Люди всегда искали эмоционального накала и экстаза, который придает жизни цель и смысл. Если какой-то символ (или образ, миф, ритуал, учение) утрачивает трансцендентную ценность, его обычно заменяют на другой. Историки религии полагают, что символом божественного может стать абсолютно все и что такие эпифании встречаются «в каждой сфере психологической, экономической, духовной и социальной жизни»{1290}. Во Франции это стало очевидным. Едва избавившись от одной религии, революционеры изобрели другую: нация как воплощение священного начала. Дерзновенный гений революционных вождей осознал, что сильные эмоции, традиционно связанные с Церковью, можно направить к новому символу. 10 августа 1793 г., когда страна тонула в войне и кровопролитии, в Париже отметили праздник единства и нераздельности Республики, срежиссированный художником Жаком-Луи Давидом. Действо началось на месте Бастилии, где была установлена величественная статуя Природы; из ее грудей били две струи воды. Наполнив водой чашу, президент Национального конвента передал ее 86 старцам, представлявшим французские департаменты (своего рода причастие!). На площади Революции президент зажег перед статуей Свободы огромный костер с геральдическими символами, скипетрами и тронами, а у Дома инвалидов толпа глазела на гигантское изображение французского народа в виде Геракла{1291}. Такие праздники сделались столь частыми, что люди стали поговаривать о «праздникомании»{1292}. Как объяснял Жюль Мишле, историк XIX в., государственные ритуалы возвестили наступление «странной и глубоко духовной новой жизни»{1293}.

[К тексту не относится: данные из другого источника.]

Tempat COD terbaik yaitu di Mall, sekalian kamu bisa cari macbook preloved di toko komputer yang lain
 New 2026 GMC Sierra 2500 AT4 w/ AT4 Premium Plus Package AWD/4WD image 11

К 1793 г. священников отстранили от участия в национальных торжествах. Это был год, в который Жак-Рене Эбер усадил богиню разума в алтаре собора Парижской Богоматери, превратив его в храм философии. Революционная политика сама становилась объектом почитания. Описывая политические события, вожди активно использовали такие понятия, как «символ веры», «ревнители», «таинство» и проповедь»{1294}. По словам Оноре Мирабо, «Декларация прав человека стала политическим евангелием, а французская Конституция – религией, за которую люди были готовы умирать»{1295}. Поэт Мари Жозеф Шенье сказал Национальному конвенту:
Вы знаете, как на руинах низложенного суеверия основать единую универсальную религию, в которой наши законодатели – проповедники, а наши судьи – понтифики и в которой человеческая семья воскуряет фимиам лишь на алтаре Родины, всеобщей матери и божества{1296}.
Токвиль констатировал:
Поскольку внешне французская революция стремилась более к возрождению всего человечества, нежели к реформированию Франции, она сама стала чем-то вроде новой религии – хотя и несовершенной, лишенной Бога и культа загробной жизни, но тем не менее подобно исламу наводнившей землю своими солдатами, апостолами и мучениками{1297}.